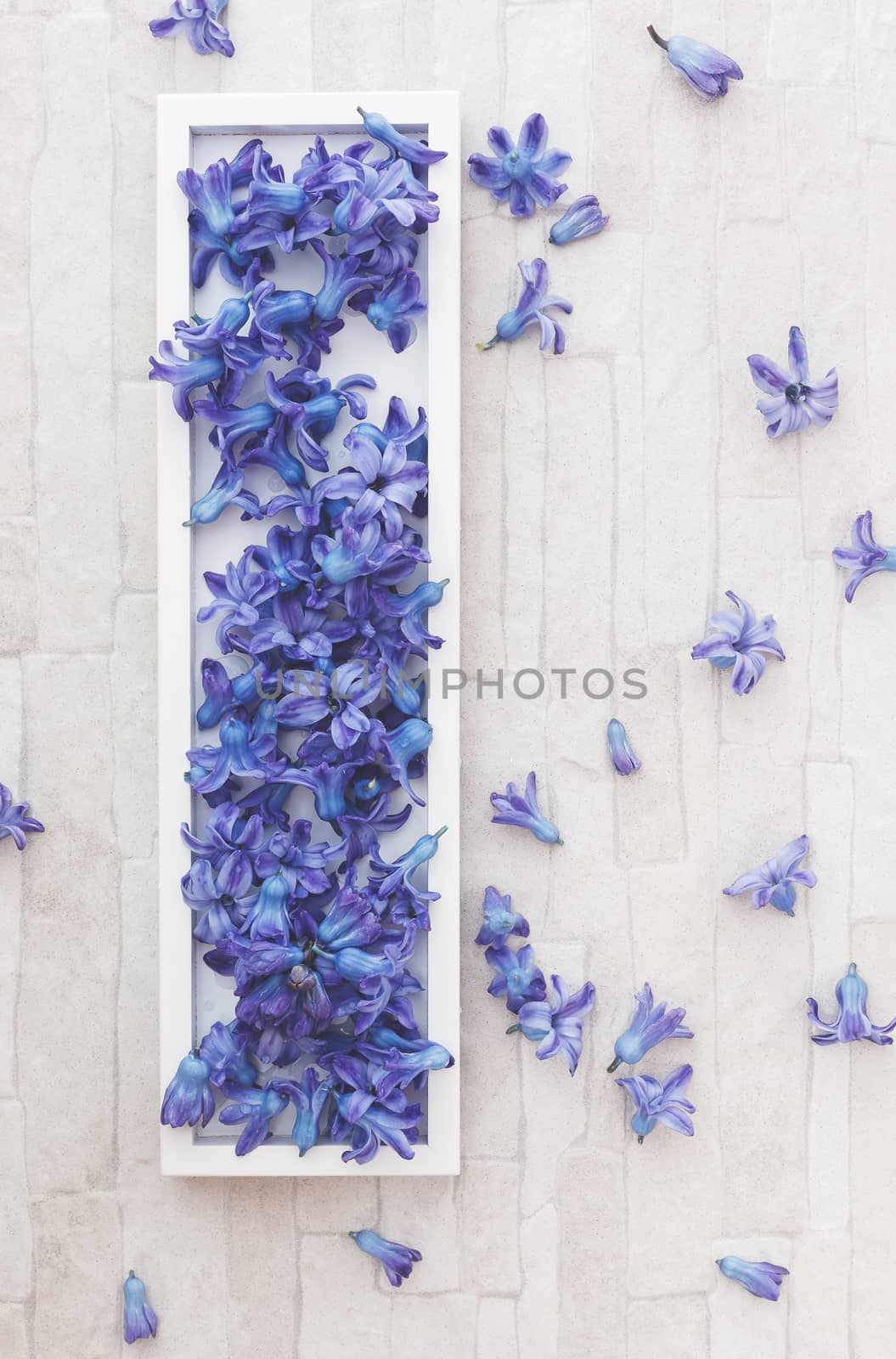 Blue hyacinths flowers arrangement on a tray. Overhead view with blank space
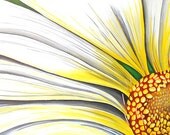 Sunny Daisy 4x10 Fine Art Print by Eriksdotter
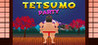 Tetsumo Party Image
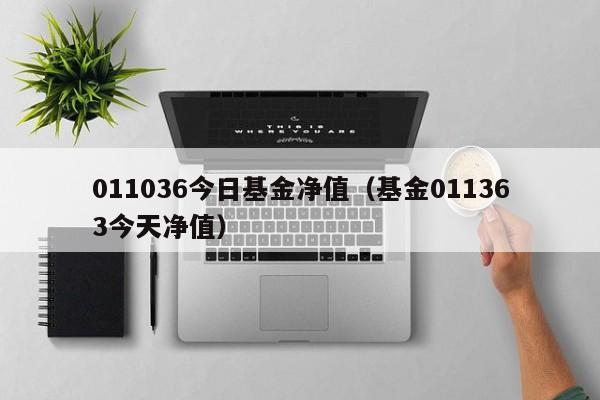 011036今日基金净值（基金011363今天净值）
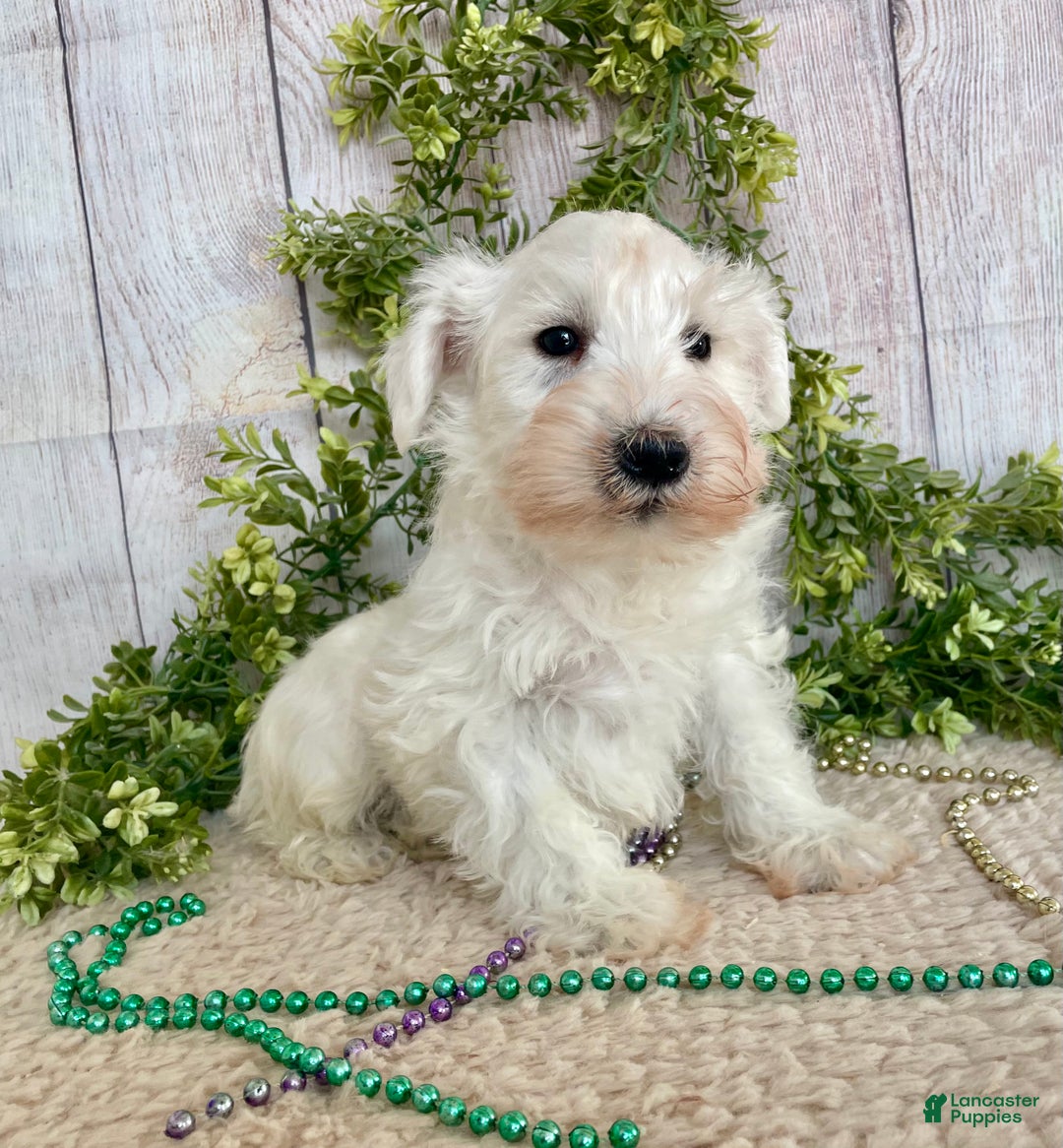 Miniature Schnauzer dogs for sale: Miniature Schnauzer Puppy 1 - Ad 6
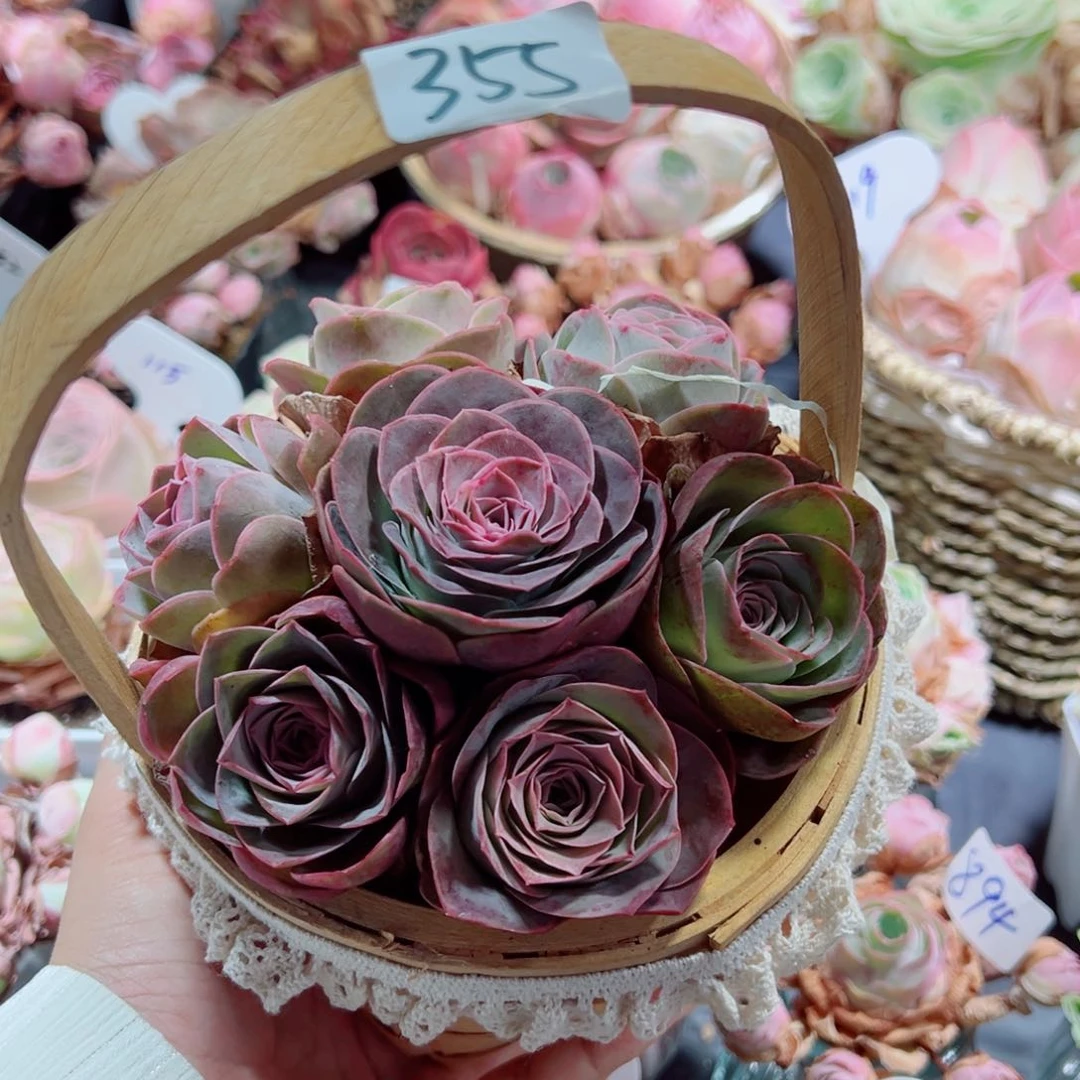 355一篮紫色玫瑰组合。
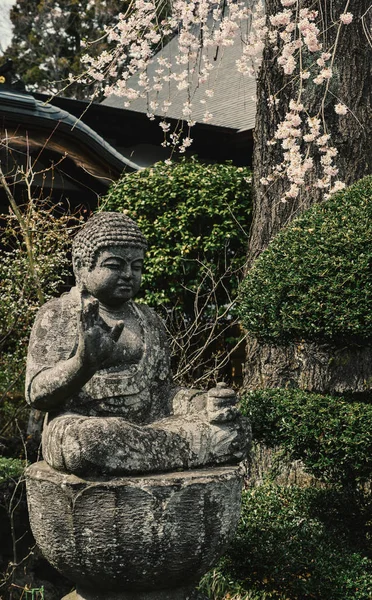 Buddha-Statue und Kirschbaumblüten — Stockfoto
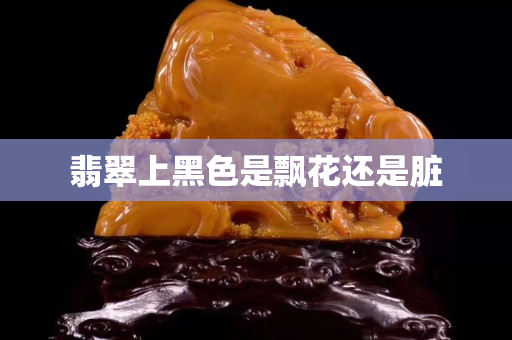 翡翠上黑色是飄花還是臟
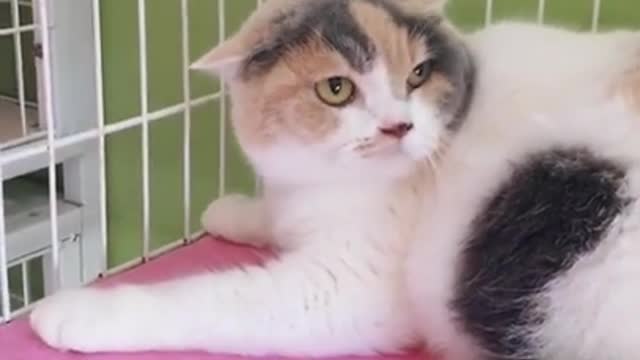 #Funniest Animals Real 😹 - Best Of The 2020 #Funny Animals Videos - Try Not To Laugh #comedy #shorts
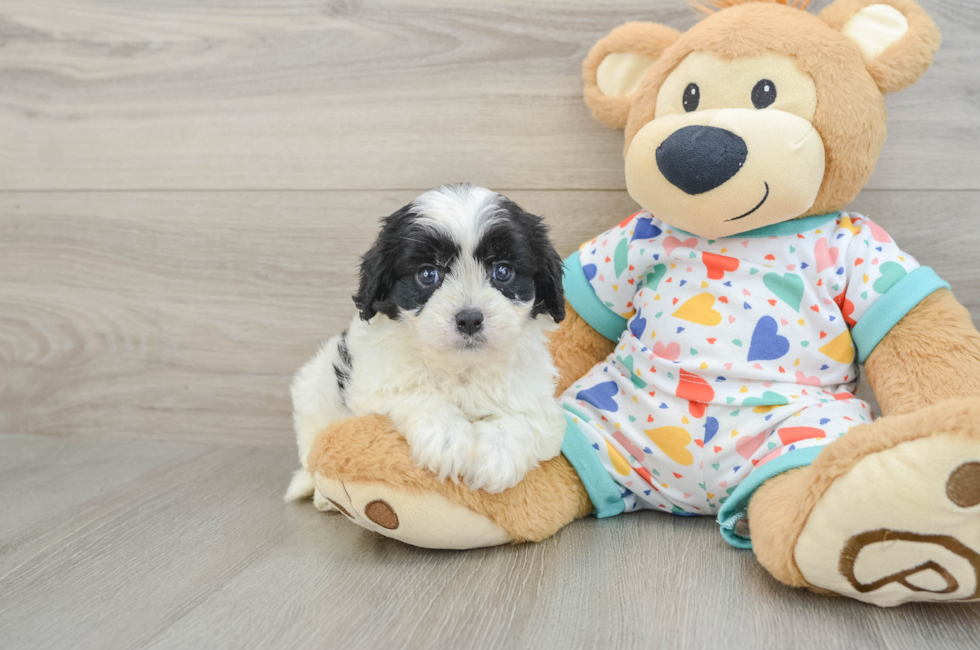 6 week old Cavapoo Puppy For Sale - Fairfield Furbabies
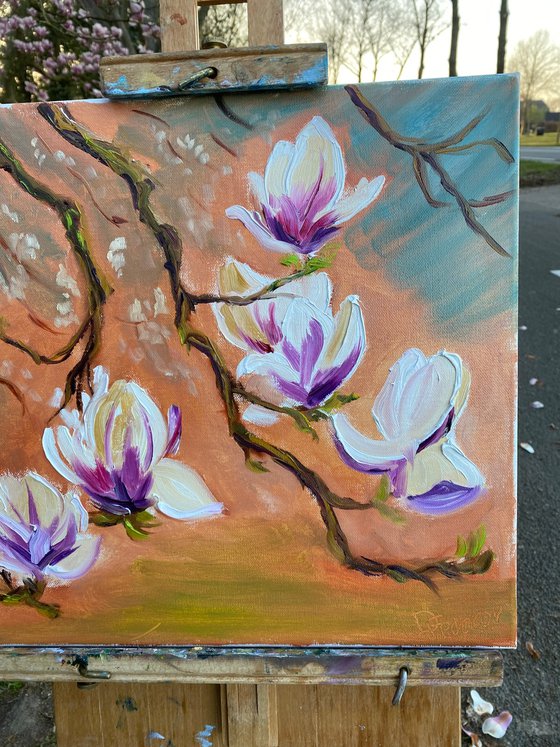 Dutch Magnolia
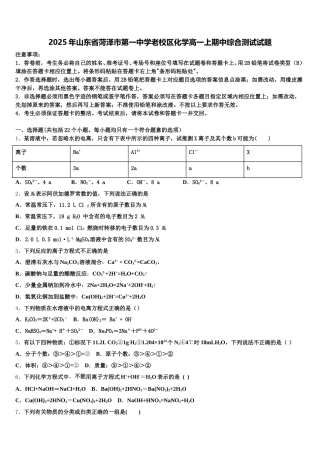 2025年山东省菏泽市第一中学老校区化学高一上期中综合测试试题含解析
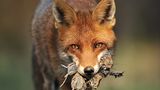 Die besten Naturfotografien 2013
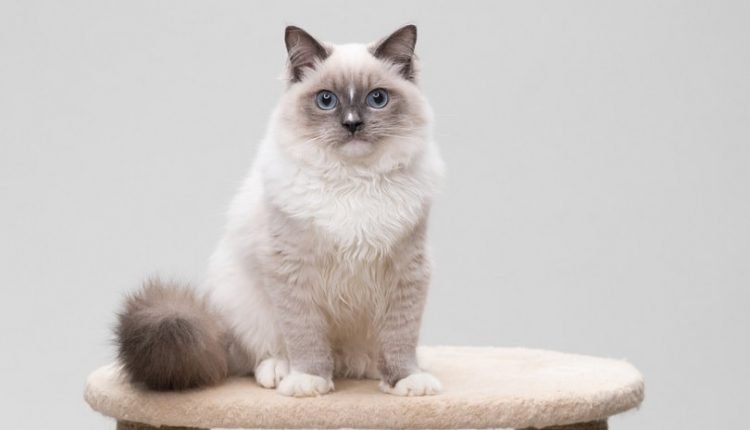 ragdoll cat sitting on a cat tree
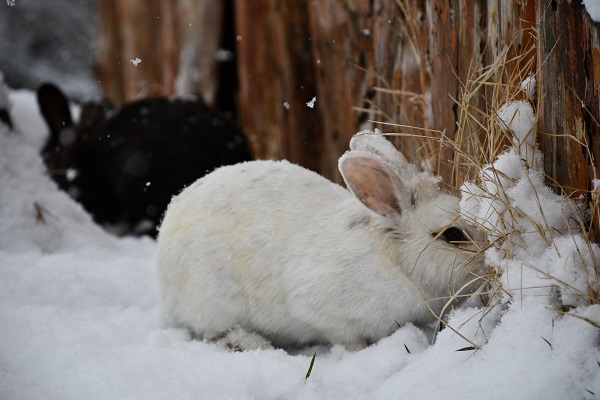 Foto - Tavşanlar karın keyfini çıkardı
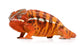 Fiery Orange Chameleon Wall Decal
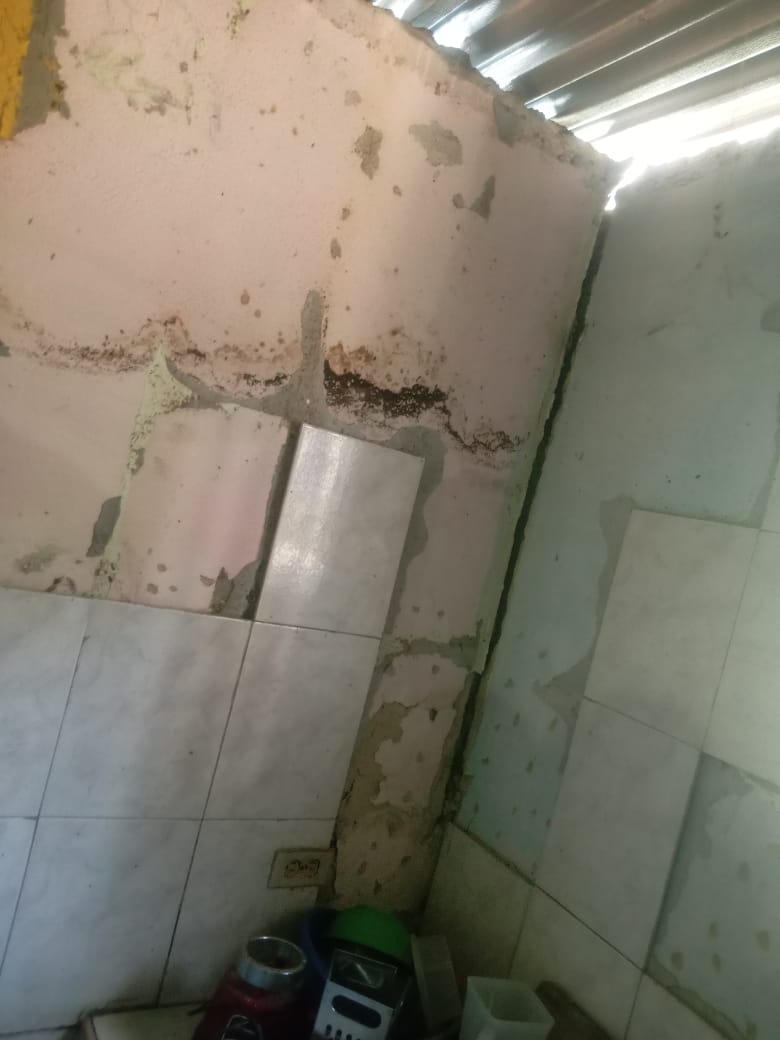 Foto reporte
-----
=== Task details ===
Starting with the first line of the data above and ending with the line containing "2025年山东省菏泽市第一中学老校区化学高一上期中综合测试试题含解析", please restate every line exactly, leaving images out.

=== Reply ===
 Blue hyacinths flowers arrangement on a tray. Overhead view with blank space
 Sunny Daisy 4x10 Fine Art Print by Eriksdotter
 Tetsumo Party Image
 011036今日基金净值（基金011363今天净值）
 Miniature Schnauzer dogs for sale: Miniature Schnauzer Puppy 1 - Ad 6
 355一篮紫色玫瑰组合。
 Buddha-Statue und Kirschbaumblüten — Stockfoto
 翡翠上黑色是飄花還是臟
 #Funniest Animals Real 😹 - Best Of The 2020 #Funny Animals Videos - Try Not To Laugh #comedy #shorts
 6 week old Cavapoo Puppy For Sale - Fairfield Furbabies
 Dutch Magnolia
 2025年山东省菏泽市第一中学老校区化学高一上期中综合测试试题含解析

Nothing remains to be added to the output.